----- Information
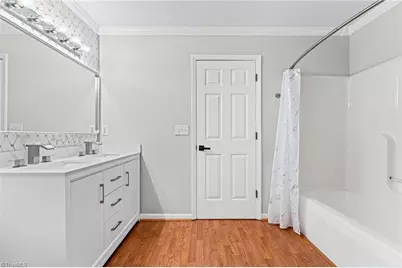 1833 Helmstetler Road, Lexington, NC 27295 - Photo 29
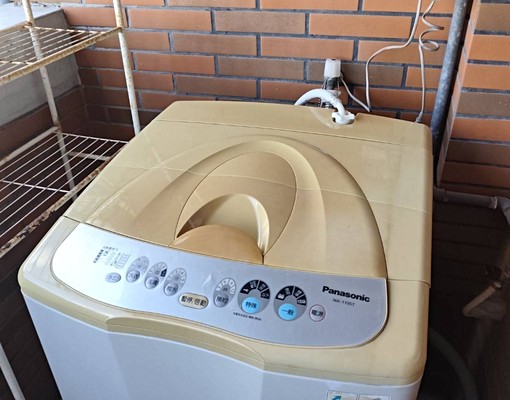 臻致雅居👍坐北朝南👍管理規範-30.0坪 - Image 6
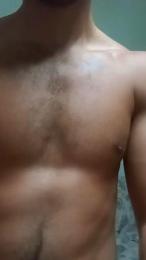 SweetRugby — Cam4 stream photo (Jul 2025)
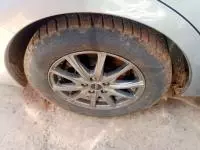 tyre0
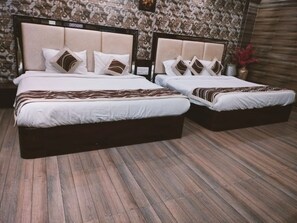 Egyptian cotton sheets, premium bedding, down comforters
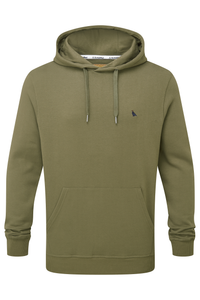 Pentire Heritage Hoodie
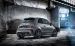 Abarth 695 Biposto Widescreen Picture #0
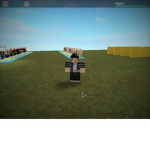 #### Walker Plz Join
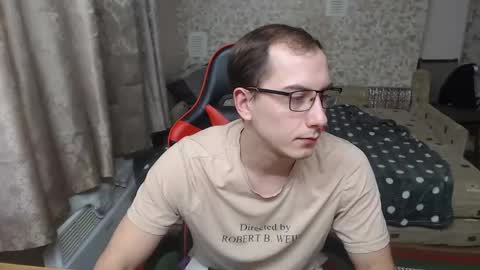 Snapshot of jess_nest chatting on January 22, 2025, 12:06 am Jess online show from January 22, 2025, 12:06 am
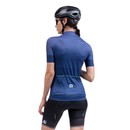 Ale Women's Pragma Level Short Sleeve Jersey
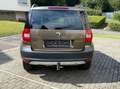 Skoda Yeti Ambition Plus Edition 4x4 Marrón - thumbnail 5
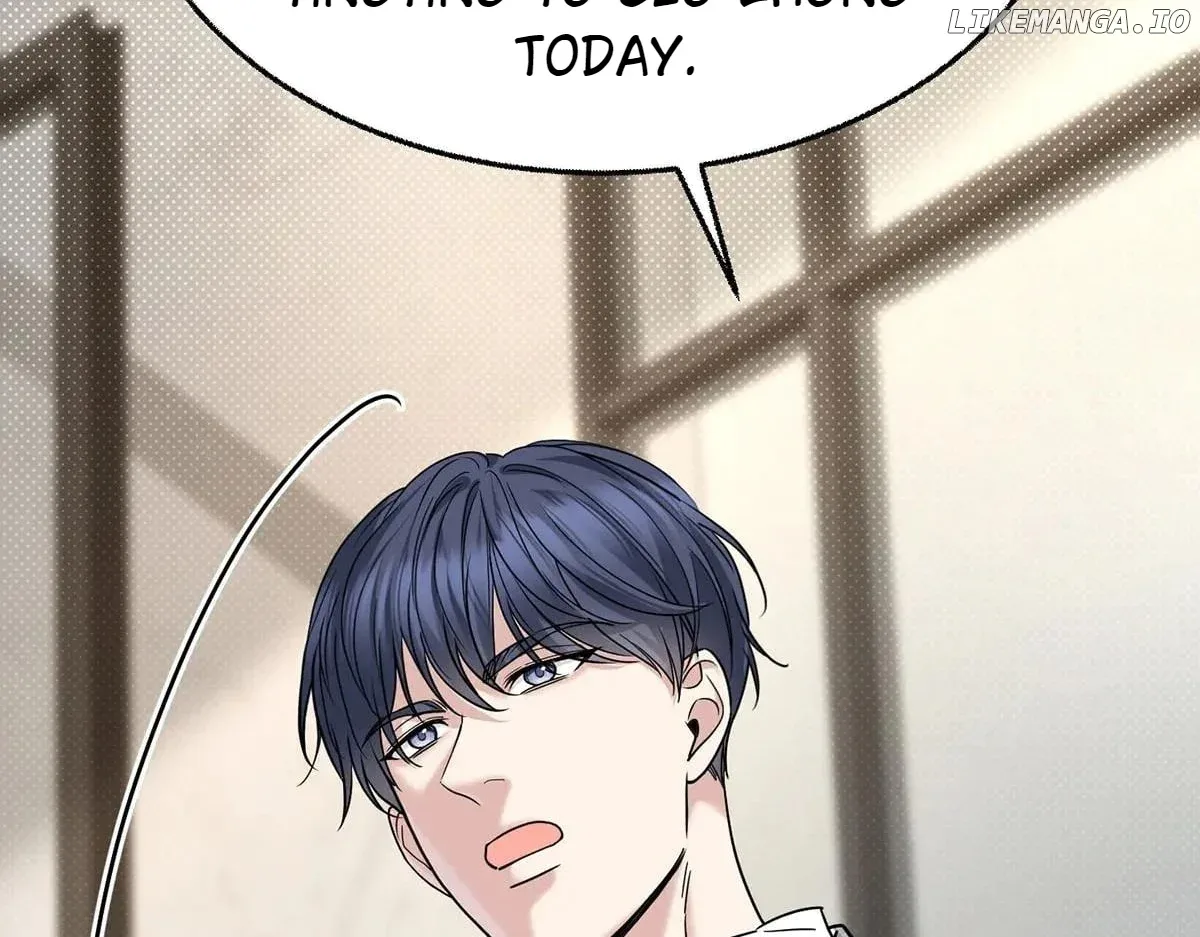 After breaking up, I had relationship with my ex’s uncle-in-law Chapter 85 page 48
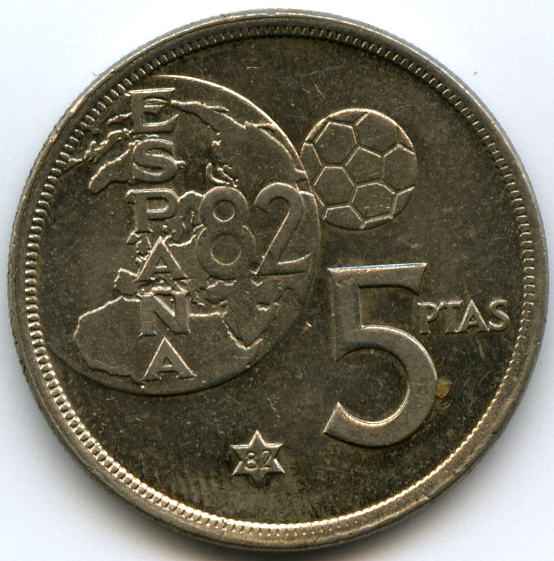 5  1982  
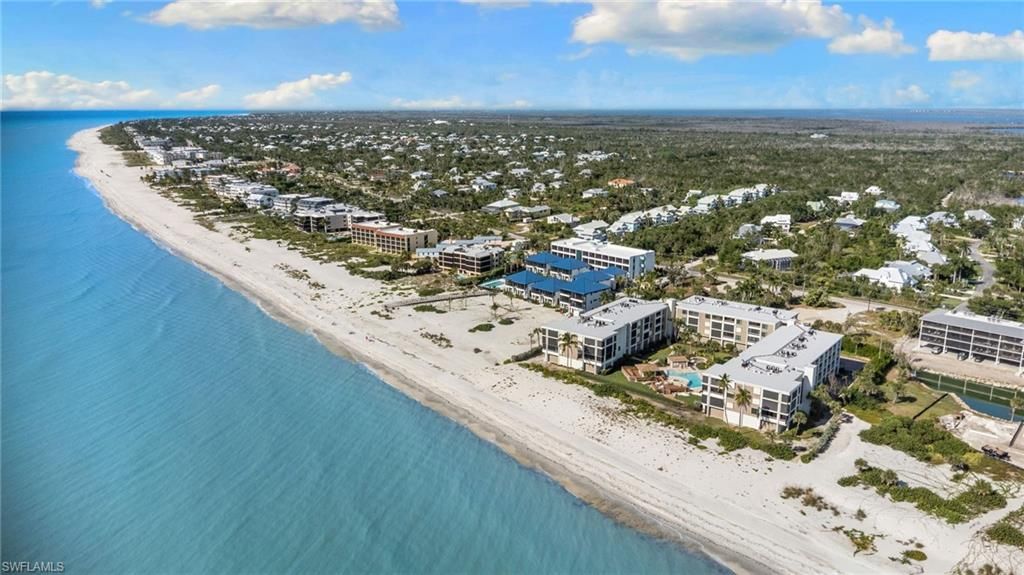 2777 W Gulf Dr , Unit 104, Sanibel, FL 33957 Photo
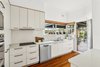 12 Wren Place, Burraneer NSW 2230  - Photo 11
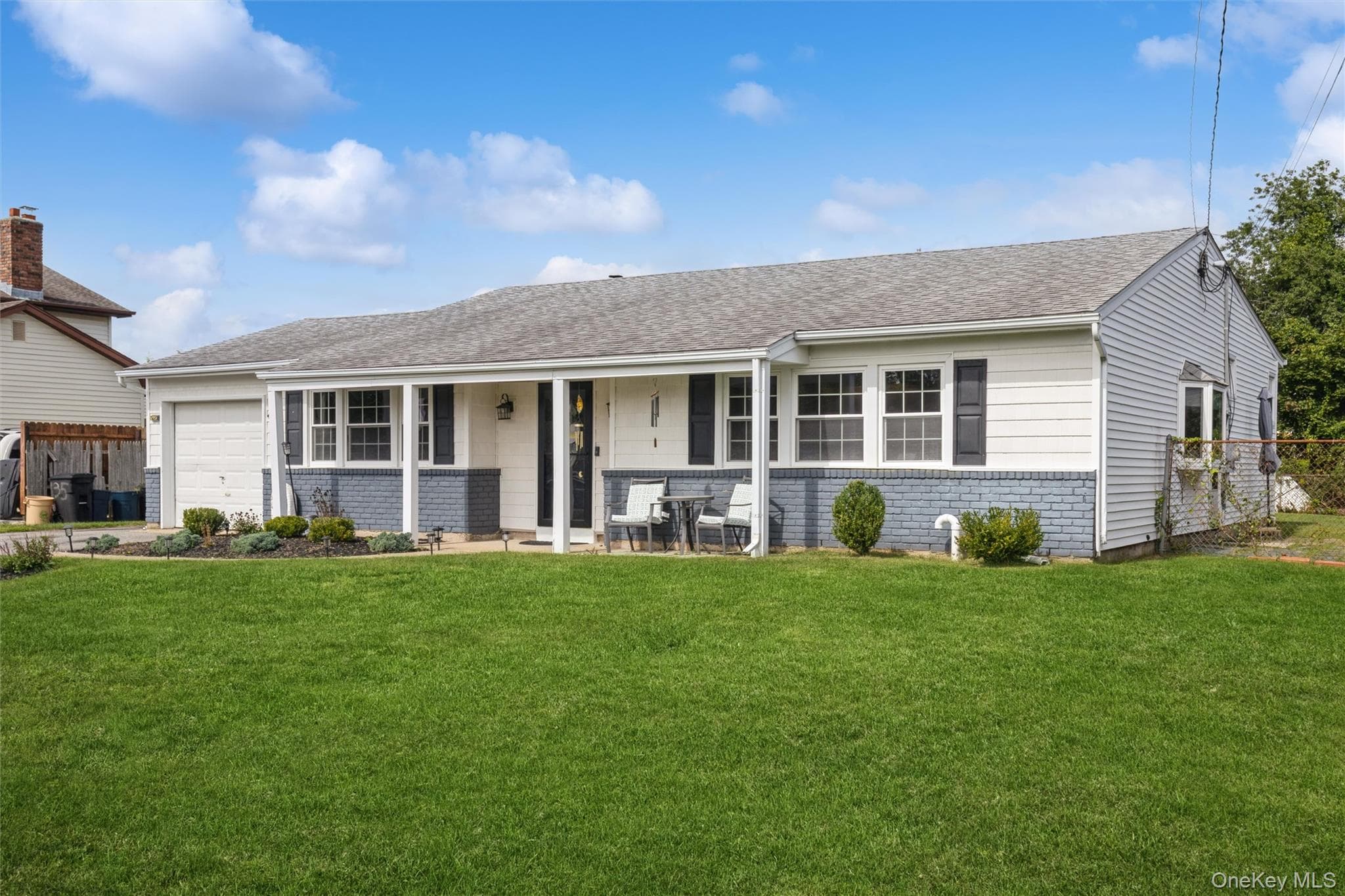 35 Norman Drive thumbnail 21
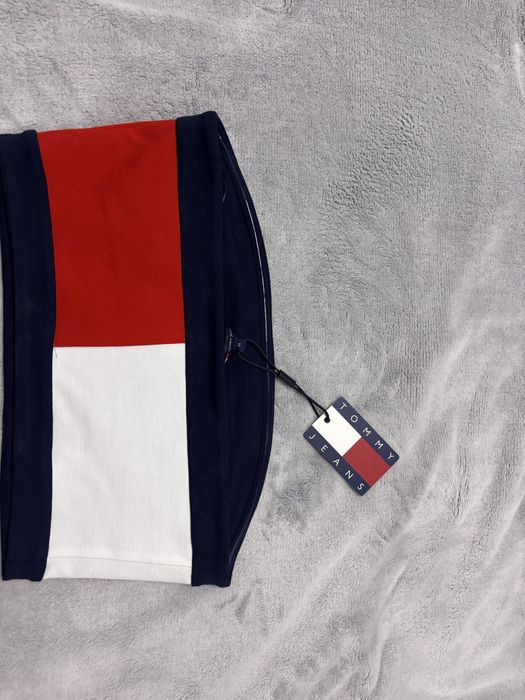 Потник Tommy hilfiger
----------
Assignment => Pictures stay out; reproduce exactly the lines from the one containing "Skoda Yeti Ambition" through the end of the data.

Solution =>
 Skoda Yeti Ambition Plus Edition 4x4 Marrón - thumbnail 5
 After breaking up, I had relationship with my ex’s uncle-in-law Chapter 85 page 48
 5  1982  
 2777 W Gulf Dr , Unit 104, Sanibel, FL 33957 Photo
 12 Wren Place, Burraneer NSW 2230  - Photo 11
 35 Norman Drive thumbnail 21
 Потник Tommy hilfiger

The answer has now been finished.